Hey all — I’m running into some persistent issues with Clawdbot that I’m hoping someone can help me understand. I’ve been using it pretty heavily for real task automation (file operations, Excel updates, lead generation, etc.), and while it works sometimes, it degrades in ways that make it unreliable without a lot of manual intervention.

Main Problem: Tool Use Degrades Over Time

When I start a fresh session, the bot will often use tools correctly for a while — executing commands, writing files, updating spreadsheets, etc. But after some back-and-forth conversation, it gradually starts:

• Claiming tools are unavailable when they definitely exist
• Falling back to “I can’t access that” or narrative responses instead of running tools
• Requiring very explicit, step-by-step prompting to do things it was doing autonomously earlier

It feels like tool awareness or tool schemas are getting lost mid-session, even though nothing changed on the backend.

Tool Call Failures / JSON Errors

I frequently get errors like:

“Expected ',' or '}' after property value in JSON…”

This seems to happen when the model tries to call a tool but the framework rejects the payload. My guess is:

• The model is outputting malformed JSON for tool calls
• The gateway/parser is strict and fails hard instead of retrying
• Sometimes normal text and tool JSON get mixed together

When this happens, the tool never runs, but the model doesn’t always clearly surface that — it sometimes continues as if the action happened, which makes debugging difficult.

Excessive Prompting Required

Another issue is that I often have to over-explain tasks repeatedly. For example:

• I have a budget spreadsheet workflow with strict column rules
• Even after the bot successfully does it once, later in the session it forgets the procedure
• I end up having to paste the full instructions again

It seems like long-term operational rules explainable via memory or system files aren’t consistently being applied during external chat sessions (Discord).

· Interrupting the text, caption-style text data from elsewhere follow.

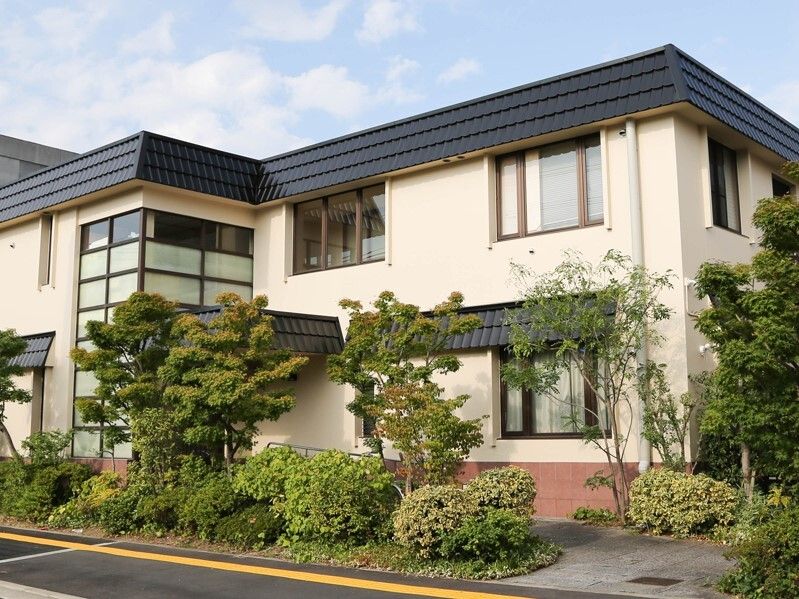 グレーの屋根が付いた2階建ての建物はベージュの外壁で、敷地内にはたくさんの緑が植えられている。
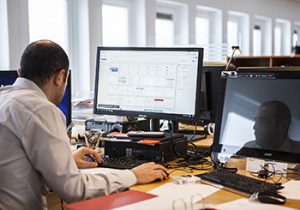 A man sitting in front of his computer while receiving remote IT services & support.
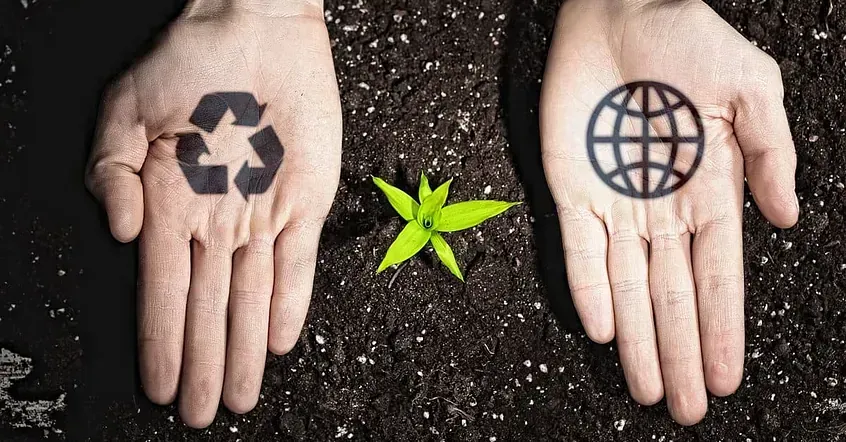 Una persona sostiene un símbolo de reciclaje y un globo terráqueo en sus manos.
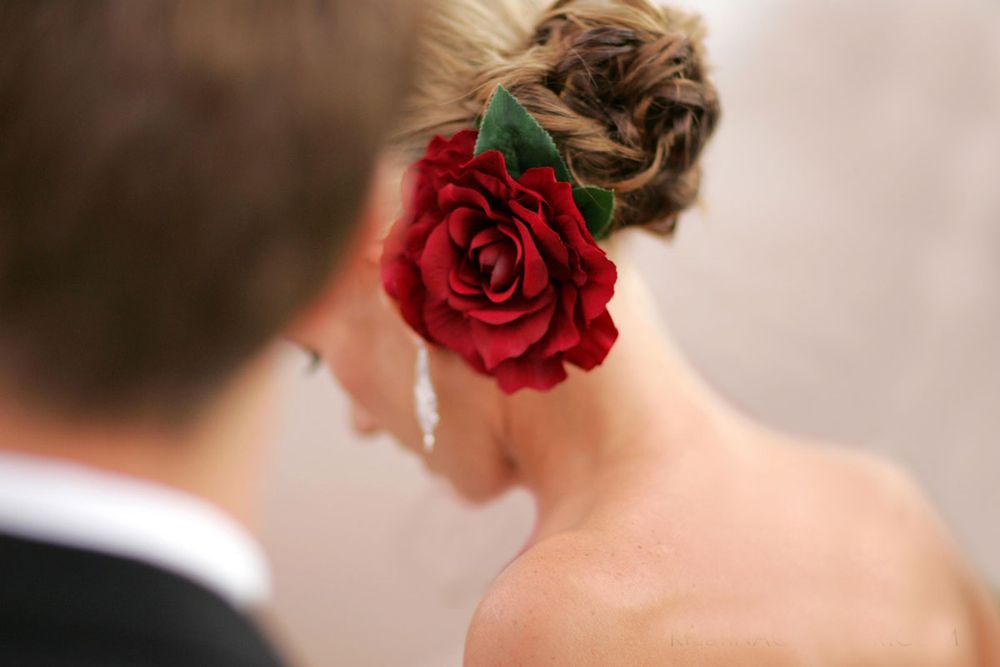 A vibrant red rose adorns an elegant updo hairstyle against a soft brown background.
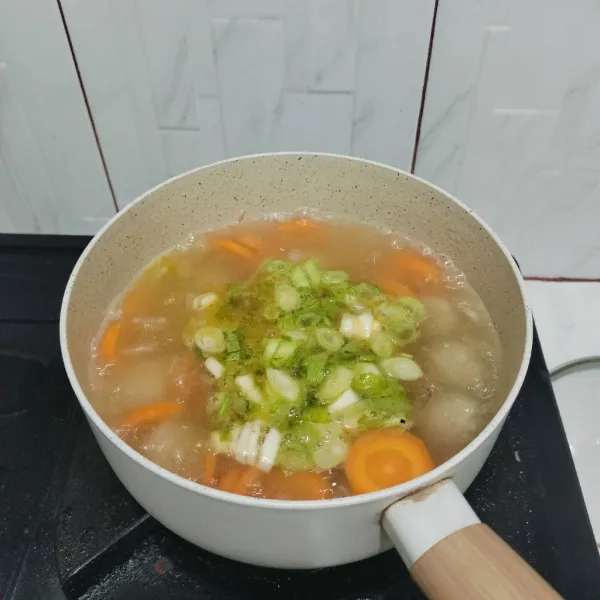 Masukkan garam, kaldu bubuk, daun bawang, dan seledri.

Session Bloat / Performance Drop

I’ve also learned about Issue #2254 regarding large session files. From what I understand:

• Gateway tool responses can inject large config/schema blobs into the session
• Session files grow to multiple MB
• Eventually they exceed token limits
• Auto-compaction fails because the summarization prompt is also too large

This might explain why things work initially, then deteriorate badly later in the same session. I have found large .jsonl files in ~/.clawdbot/agents/main/sessions/.

Environment / Exec Issues

I’ve seen cases where:

• The bot says a Python library like openpyxl isn’t available
• But it clearly exists in the system
• Logs show PEP 668 “externally managed environment” errors when it tries to install packages

So I suspect the exec tool runs in a different Python environment than the user shell, which causes inconsistent behavior.

Browser Tool + CAPTCHA

When trying to use the browser tool for lead generation (searching for local businesses), the agent often hits CAPTCHAs (DuckDuckGo, Google, etc.). The browser reports success loading the page, but the content is actually a CAPTCHA challenge. The model doesn’t always recognize this as a block and continues as if scraping is proceeding.

Overall Pattern

The big pattern I’m seeing is:

• Things work correctly in short, fresh sessions
• Tool use becomes unreliable as sessions grow
• Tool calls sometimes fail silently due to JSON/schema issues
• The model drifts into “talk about doing” instead of “actually do”
• I have to constantly re-anchor instructions and restate procedures

I’m trying different models (currently 4o-mini) but the behavior seems more related to the agent/tooling layer than the raw model.

Questions

Is session bloat still actively causing tool/schema drift even after the related issue was marked closed?

Is there a best practice for preventing tool schema loss mid-session?

Should long-term task procedures live in TOOLS.md instead of MEMORY.md for Discord usage?

Is there a way to make tool call parsing more tolerant or surface failures more explicitly?

I’m happy to provide logs, version info, or session file sizes if helpful.

Thanks — I really like the concept and want to get this stable for real-world task automation.